I know I said I didn’t care, and I don’t, really. But zero total views? Ouch.  But I don’t care. I’M JUST KIDDING, WHY DOESN’T ANYONE LOVE ME?! No, no. That was irony. I’M SO BORDERLINE. And I mean that in both the “edgy” and “personality disorder” sense of the word. OOH, DOUBLE ENTENDRE.

Seriously, though…my Hemingway binge continues. I finished A Farewell to Arms. The rain was a nice touch. Other than that, I’m not sure how I feel about the ending. I know Hemingway’s not one for sentiment, but it was so understated that it was almost cruel. I did like how Henry stayed with her in the hospital, though. I may be being sadly misled by my impressions of 50’s movies where men sit in waiting rooms and smoke cigars during the woman’s labor, but I don’t think that was all the common back then.

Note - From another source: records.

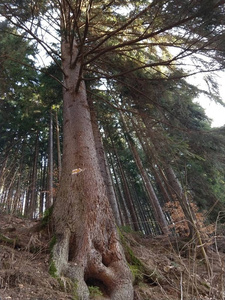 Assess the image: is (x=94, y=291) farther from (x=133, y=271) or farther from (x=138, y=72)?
(x=138, y=72)

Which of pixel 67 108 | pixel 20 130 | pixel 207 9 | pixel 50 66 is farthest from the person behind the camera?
pixel 20 130

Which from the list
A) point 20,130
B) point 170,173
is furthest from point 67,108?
point 20,130

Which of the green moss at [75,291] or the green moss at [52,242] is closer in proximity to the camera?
the green moss at [75,291]

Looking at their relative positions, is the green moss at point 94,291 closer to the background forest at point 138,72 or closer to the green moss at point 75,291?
the green moss at point 75,291

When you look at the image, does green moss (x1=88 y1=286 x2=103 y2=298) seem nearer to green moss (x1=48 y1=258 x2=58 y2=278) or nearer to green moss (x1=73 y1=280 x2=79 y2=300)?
green moss (x1=73 y1=280 x2=79 y2=300)

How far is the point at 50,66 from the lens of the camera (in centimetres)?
671

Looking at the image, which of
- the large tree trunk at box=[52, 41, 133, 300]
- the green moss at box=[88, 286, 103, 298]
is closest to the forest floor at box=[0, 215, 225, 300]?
the green moss at box=[88, 286, 103, 298]

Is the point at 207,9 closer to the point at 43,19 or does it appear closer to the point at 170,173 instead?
the point at 43,19

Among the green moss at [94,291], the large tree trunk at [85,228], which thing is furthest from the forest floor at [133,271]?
the large tree trunk at [85,228]

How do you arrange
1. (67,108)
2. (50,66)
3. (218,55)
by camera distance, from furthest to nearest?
(50,66)
(218,55)
(67,108)

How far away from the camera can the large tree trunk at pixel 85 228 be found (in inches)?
78.4

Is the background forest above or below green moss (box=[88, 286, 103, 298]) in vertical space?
above

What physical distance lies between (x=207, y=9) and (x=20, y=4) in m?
4.08

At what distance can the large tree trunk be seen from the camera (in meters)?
1.99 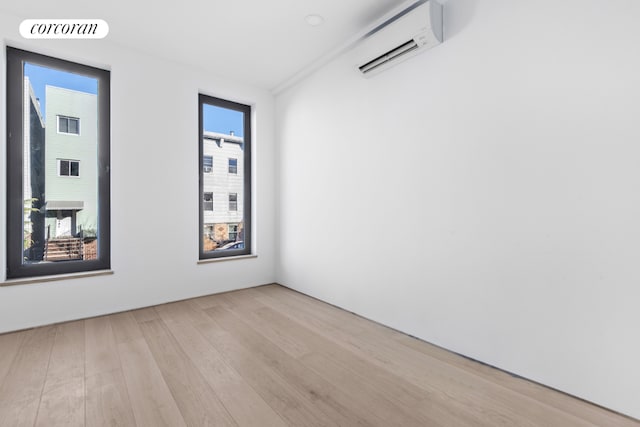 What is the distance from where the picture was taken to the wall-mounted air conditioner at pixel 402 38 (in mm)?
2031

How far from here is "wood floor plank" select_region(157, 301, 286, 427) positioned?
143cm

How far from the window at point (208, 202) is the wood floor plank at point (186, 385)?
5.31 feet

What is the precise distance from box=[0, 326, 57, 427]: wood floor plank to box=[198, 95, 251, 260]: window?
1.57 m

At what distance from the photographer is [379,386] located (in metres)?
1.67

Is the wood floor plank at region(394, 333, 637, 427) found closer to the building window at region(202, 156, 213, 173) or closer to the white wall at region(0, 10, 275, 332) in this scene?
the white wall at region(0, 10, 275, 332)

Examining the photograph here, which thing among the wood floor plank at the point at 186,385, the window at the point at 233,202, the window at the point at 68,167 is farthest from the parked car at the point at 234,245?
the window at the point at 68,167

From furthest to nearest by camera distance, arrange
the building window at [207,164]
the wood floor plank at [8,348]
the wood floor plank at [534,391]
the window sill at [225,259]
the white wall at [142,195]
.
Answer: the building window at [207,164] → the window sill at [225,259] → the white wall at [142,195] → the wood floor plank at [8,348] → the wood floor plank at [534,391]

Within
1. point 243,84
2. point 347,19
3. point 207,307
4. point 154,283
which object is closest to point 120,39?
point 243,84

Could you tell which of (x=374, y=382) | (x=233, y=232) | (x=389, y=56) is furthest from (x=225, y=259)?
(x=389, y=56)

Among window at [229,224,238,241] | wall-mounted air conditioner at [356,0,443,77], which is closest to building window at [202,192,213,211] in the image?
window at [229,224,238,241]

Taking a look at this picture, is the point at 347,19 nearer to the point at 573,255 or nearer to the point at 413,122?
the point at 413,122

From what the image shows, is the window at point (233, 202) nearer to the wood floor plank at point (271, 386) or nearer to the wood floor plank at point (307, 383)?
the wood floor plank at point (307, 383)

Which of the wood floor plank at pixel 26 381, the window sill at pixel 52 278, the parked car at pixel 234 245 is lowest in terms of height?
the wood floor plank at pixel 26 381

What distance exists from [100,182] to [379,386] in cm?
305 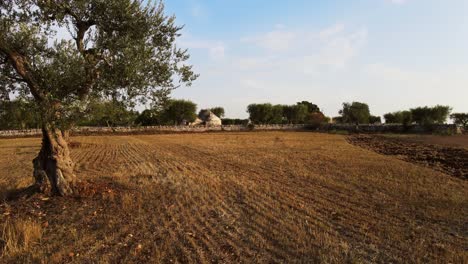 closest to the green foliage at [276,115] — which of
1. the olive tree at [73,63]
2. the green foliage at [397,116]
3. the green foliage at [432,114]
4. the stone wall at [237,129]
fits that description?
the stone wall at [237,129]

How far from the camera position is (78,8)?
40.3 feet

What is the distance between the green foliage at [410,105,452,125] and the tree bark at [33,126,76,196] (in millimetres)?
124045

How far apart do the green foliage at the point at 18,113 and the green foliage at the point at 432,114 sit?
125 metres

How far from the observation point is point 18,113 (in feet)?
42.1

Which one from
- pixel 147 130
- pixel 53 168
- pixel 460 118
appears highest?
pixel 460 118

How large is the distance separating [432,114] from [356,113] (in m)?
25.4

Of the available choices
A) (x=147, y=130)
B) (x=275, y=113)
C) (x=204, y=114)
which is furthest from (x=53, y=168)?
(x=204, y=114)

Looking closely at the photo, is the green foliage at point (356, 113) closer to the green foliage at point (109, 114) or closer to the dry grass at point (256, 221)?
the dry grass at point (256, 221)

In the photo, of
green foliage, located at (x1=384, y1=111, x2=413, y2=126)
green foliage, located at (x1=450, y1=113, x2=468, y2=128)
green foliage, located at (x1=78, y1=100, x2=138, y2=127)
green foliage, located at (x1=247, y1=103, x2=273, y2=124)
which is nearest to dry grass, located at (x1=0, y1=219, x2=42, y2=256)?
green foliage, located at (x1=78, y1=100, x2=138, y2=127)

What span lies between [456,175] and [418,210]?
11686mm

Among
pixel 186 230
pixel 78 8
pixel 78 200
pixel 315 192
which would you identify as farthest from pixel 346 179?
pixel 78 8

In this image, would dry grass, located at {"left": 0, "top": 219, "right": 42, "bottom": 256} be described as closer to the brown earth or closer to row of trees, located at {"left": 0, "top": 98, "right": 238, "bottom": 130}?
row of trees, located at {"left": 0, "top": 98, "right": 238, "bottom": 130}

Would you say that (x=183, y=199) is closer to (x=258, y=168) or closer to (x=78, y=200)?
(x=78, y=200)

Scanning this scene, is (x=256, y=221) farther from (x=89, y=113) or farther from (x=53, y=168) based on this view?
(x=53, y=168) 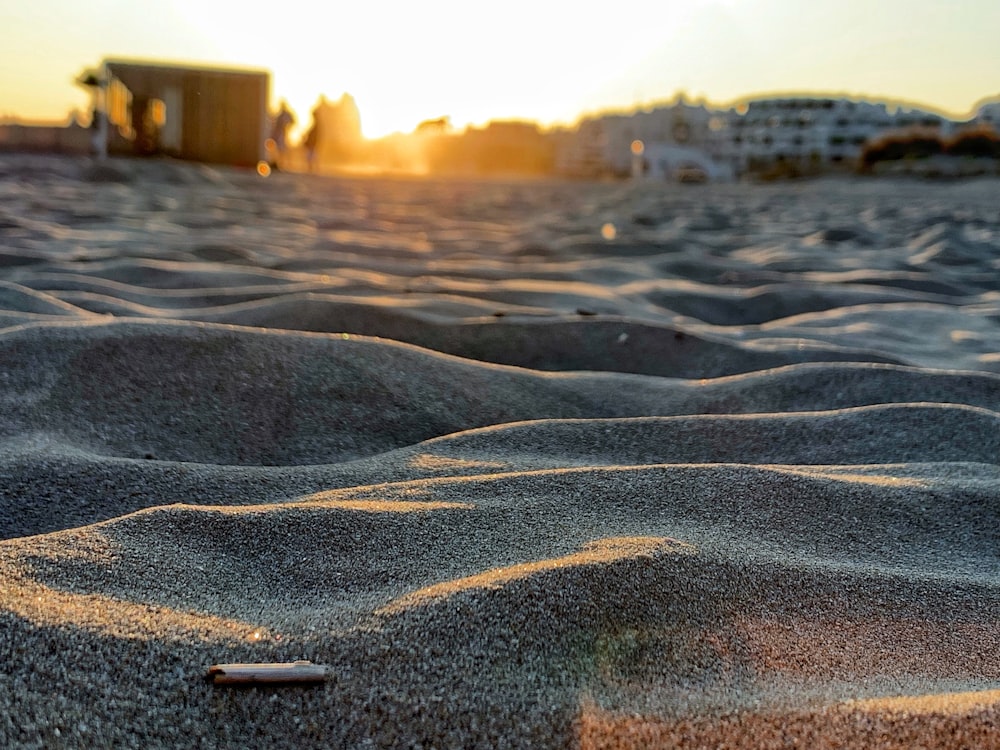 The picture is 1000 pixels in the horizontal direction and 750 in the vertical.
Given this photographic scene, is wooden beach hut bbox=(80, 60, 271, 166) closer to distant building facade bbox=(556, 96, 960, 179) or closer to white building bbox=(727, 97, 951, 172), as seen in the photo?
distant building facade bbox=(556, 96, 960, 179)

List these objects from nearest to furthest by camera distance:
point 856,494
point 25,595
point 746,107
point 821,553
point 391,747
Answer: point 391,747 → point 25,595 → point 821,553 → point 856,494 → point 746,107

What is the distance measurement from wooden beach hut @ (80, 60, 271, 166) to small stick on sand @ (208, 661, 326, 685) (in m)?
15.4

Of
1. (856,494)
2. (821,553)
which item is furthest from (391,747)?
(856,494)

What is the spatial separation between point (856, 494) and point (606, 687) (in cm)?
52

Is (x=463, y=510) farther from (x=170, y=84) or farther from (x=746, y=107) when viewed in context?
(x=746, y=107)

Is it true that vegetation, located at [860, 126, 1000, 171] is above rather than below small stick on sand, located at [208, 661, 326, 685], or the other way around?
above

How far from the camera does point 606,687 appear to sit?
2.26 ft

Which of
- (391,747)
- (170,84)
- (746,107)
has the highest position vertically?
(746,107)

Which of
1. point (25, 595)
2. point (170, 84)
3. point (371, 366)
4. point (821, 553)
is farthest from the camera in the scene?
point (170, 84)

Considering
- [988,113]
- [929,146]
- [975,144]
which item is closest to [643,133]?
[988,113]

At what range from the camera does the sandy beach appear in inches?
25.7

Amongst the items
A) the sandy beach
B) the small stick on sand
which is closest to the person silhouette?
the sandy beach

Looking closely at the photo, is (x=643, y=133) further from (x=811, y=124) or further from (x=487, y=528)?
(x=487, y=528)

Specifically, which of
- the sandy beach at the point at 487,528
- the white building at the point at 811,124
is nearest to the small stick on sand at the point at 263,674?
the sandy beach at the point at 487,528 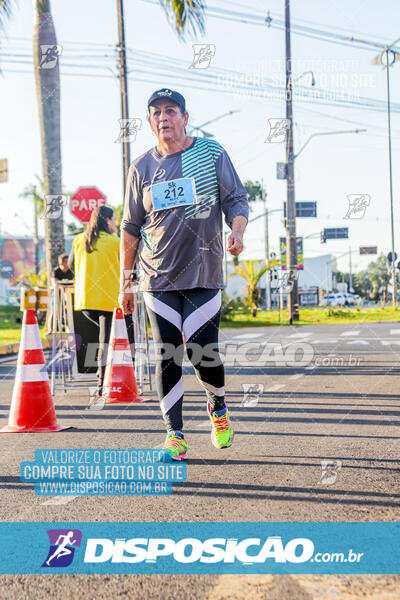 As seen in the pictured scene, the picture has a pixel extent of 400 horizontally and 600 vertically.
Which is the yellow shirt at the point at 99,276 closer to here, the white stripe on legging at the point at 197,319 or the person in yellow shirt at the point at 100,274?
the person in yellow shirt at the point at 100,274

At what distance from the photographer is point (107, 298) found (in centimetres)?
677

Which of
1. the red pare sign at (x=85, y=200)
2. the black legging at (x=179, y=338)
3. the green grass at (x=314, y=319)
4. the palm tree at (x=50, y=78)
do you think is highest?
the palm tree at (x=50, y=78)

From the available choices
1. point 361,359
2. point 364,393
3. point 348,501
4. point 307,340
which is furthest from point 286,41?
point 348,501

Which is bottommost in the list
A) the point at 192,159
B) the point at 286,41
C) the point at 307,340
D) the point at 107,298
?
the point at 307,340

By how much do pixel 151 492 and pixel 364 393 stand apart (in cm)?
413

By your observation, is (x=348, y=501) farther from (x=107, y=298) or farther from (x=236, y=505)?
(x=107, y=298)

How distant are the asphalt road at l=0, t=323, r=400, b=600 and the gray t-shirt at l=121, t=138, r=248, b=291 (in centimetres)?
105

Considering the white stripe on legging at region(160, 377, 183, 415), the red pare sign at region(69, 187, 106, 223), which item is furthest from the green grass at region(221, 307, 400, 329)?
the white stripe on legging at region(160, 377, 183, 415)

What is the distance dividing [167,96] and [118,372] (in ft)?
10.8

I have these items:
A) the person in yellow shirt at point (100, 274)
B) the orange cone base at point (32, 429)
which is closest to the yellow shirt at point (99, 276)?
the person in yellow shirt at point (100, 274)

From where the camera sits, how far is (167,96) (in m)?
4.05

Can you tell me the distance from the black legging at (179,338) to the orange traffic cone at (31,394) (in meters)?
1.44

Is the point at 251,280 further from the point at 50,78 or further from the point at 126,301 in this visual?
the point at 126,301

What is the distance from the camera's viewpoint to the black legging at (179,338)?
397 cm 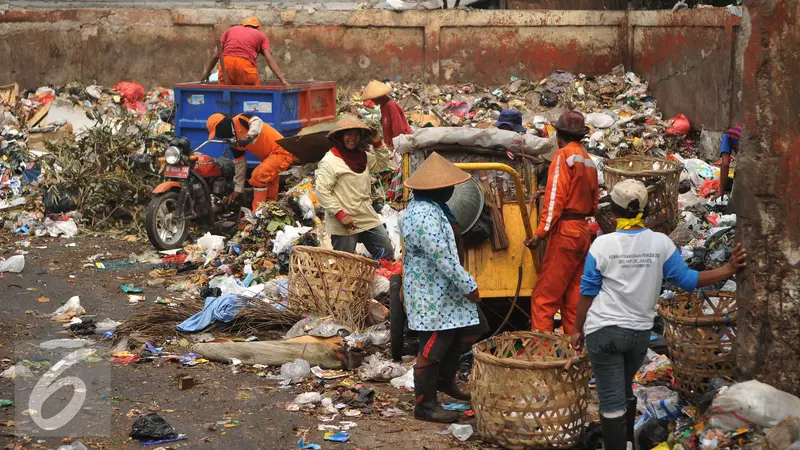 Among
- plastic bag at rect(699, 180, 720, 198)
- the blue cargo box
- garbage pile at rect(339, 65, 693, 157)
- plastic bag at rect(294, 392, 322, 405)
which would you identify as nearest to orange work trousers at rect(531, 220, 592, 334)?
plastic bag at rect(294, 392, 322, 405)

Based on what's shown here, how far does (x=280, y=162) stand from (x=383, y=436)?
505 cm

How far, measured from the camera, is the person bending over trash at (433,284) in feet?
18.0

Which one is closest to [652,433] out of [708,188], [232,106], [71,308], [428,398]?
[428,398]

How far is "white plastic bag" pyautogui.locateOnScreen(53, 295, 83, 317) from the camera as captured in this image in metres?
7.96

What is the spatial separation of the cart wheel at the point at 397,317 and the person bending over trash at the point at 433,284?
869mm

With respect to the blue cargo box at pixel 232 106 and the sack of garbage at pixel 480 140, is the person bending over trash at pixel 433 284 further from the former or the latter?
the blue cargo box at pixel 232 106

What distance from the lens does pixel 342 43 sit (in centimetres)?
1497

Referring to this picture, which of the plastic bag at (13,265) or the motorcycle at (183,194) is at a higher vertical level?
the motorcycle at (183,194)

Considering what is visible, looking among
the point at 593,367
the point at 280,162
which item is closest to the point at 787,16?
the point at 593,367

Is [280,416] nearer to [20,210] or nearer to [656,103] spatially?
[20,210]

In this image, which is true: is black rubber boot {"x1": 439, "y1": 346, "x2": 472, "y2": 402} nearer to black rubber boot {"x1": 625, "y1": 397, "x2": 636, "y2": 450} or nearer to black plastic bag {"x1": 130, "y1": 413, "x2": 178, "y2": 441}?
black rubber boot {"x1": 625, "y1": 397, "x2": 636, "y2": 450}

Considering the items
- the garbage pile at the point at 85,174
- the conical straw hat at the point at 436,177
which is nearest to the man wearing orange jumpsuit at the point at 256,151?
the garbage pile at the point at 85,174

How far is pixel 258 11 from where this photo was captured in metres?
15.2

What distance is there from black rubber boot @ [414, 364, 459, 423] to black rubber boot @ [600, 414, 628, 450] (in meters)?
1.08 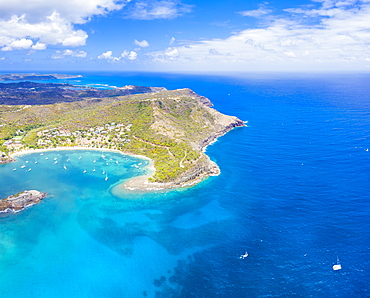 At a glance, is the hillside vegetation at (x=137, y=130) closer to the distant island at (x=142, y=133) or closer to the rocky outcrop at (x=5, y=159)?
the distant island at (x=142, y=133)

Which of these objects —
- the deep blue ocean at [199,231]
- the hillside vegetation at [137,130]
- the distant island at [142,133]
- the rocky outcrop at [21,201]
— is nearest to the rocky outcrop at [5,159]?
the distant island at [142,133]

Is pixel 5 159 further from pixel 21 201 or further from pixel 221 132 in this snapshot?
pixel 221 132

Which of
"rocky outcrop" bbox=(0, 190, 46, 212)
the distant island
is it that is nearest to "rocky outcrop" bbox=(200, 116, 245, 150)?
the distant island

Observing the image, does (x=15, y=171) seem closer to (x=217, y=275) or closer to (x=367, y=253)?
(x=217, y=275)

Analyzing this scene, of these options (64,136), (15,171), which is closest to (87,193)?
(15,171)

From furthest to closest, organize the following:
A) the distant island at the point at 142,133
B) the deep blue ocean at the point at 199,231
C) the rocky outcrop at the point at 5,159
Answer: the rocky outcrop at the point at 5,159, the distant island at the point at 142,133, the deep blue ocean at the point at 199,231

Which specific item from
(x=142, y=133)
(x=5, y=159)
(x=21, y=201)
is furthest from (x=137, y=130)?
(x=21, y=201) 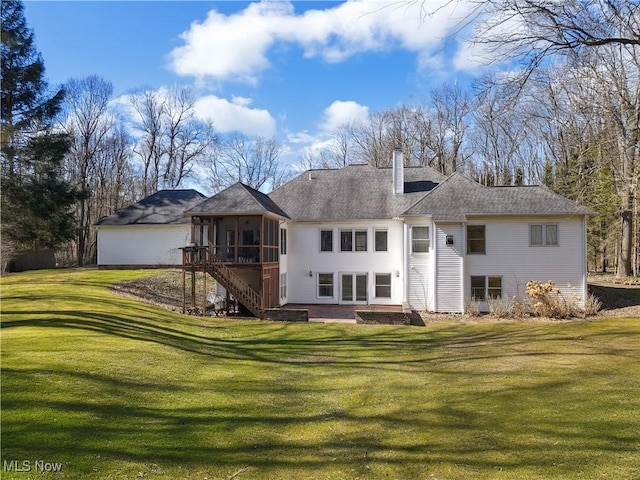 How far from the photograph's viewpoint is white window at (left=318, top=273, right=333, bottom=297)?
2169cm

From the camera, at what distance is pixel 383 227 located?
21328 mm

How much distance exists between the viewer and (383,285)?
2134cm

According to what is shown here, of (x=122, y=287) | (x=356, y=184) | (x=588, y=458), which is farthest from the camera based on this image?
(x=356, y=184)

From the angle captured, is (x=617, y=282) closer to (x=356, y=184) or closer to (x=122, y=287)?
(x=356, y=184)

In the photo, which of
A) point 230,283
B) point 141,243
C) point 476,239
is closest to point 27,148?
point 141,243

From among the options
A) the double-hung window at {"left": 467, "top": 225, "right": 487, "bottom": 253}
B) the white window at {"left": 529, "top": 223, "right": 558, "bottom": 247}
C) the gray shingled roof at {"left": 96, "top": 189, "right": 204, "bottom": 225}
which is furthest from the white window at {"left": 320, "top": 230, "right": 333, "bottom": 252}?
the gray shingled roof at {"left": 96, "top": 189, "right": 204, "bottom": 225}

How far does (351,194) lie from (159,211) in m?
15.6

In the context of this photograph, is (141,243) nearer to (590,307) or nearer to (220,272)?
(220,272)

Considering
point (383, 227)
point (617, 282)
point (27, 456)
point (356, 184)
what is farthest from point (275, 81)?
point (617, 282)

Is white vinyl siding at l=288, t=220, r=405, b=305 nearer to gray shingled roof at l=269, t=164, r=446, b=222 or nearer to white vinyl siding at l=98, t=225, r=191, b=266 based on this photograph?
gray shingled roof at l=269, t=164, r=446, b=222

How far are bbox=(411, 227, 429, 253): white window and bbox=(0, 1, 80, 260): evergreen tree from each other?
1897 centimetres

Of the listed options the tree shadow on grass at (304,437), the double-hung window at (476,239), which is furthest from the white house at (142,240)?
the tree shadow on grass at (304,437)

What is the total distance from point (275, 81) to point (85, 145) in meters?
27.9

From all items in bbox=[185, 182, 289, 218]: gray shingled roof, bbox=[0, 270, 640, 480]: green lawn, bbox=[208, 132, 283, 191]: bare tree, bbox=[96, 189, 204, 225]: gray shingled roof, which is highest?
bbox=[208, 132, 283, 191]: bare tree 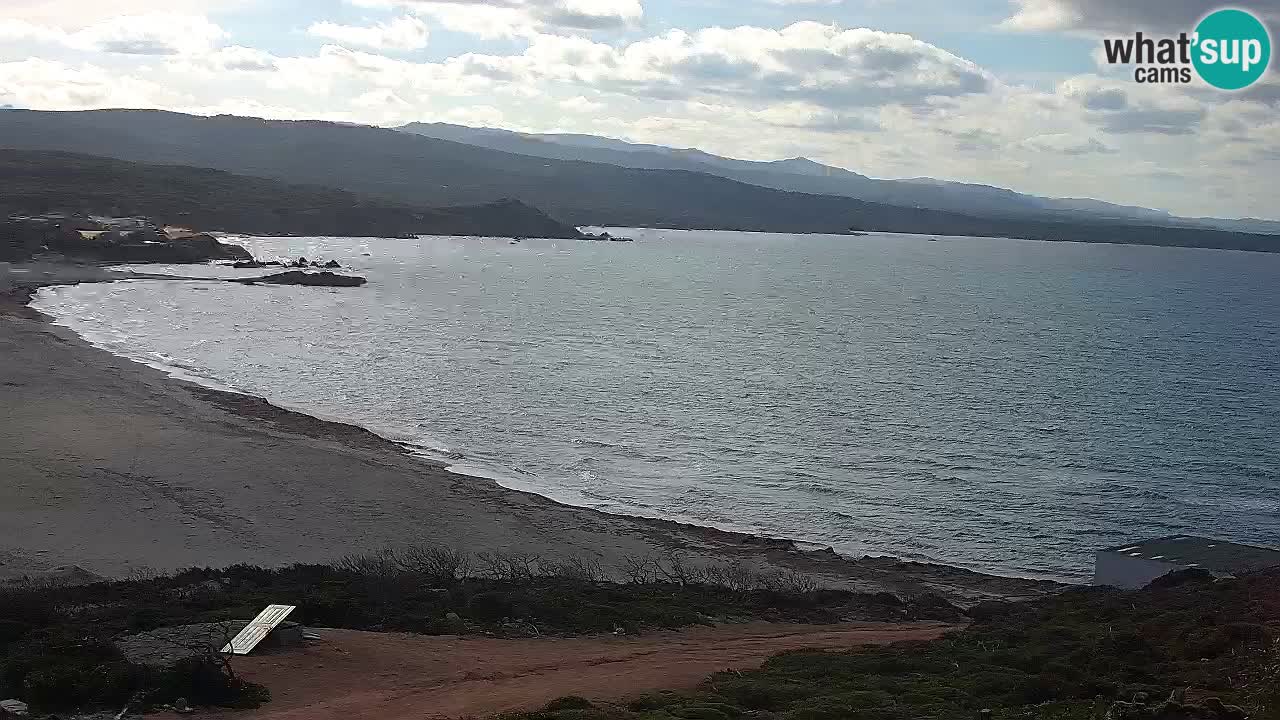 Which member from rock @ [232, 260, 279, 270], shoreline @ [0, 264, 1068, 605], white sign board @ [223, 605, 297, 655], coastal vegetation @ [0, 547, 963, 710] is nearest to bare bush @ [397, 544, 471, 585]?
coastal vegetation @ [0, 547, 963, 710]

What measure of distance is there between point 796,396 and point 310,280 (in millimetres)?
57814

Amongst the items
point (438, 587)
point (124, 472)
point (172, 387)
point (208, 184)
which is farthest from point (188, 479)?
point (208, 184)

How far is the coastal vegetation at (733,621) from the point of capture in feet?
41.3

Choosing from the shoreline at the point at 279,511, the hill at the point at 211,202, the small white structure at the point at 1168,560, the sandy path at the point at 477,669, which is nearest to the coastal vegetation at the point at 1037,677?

I also particularly liked the part where he said “I felt no feeling of fatherhood”, especially contrasted with when he tries to say goodbye to Catherine and “it was like saying goodbye to a statue.” The comparison is interesting to me because at that point he wasn’t aware that the baby was born dead. Are we supposed to believe that he felt nothing for his son because he was so worried about Catherine? I don’t have an answer, but the near-complete absence of emotion for the child in the book seems mildly noteworthy (at one point, they even speculate about whether “the brat will come between us”). And the way they pretend they’re married – it’s like they’re children playing house, in a way, which gives the affair a quality that is both innocent and tragic.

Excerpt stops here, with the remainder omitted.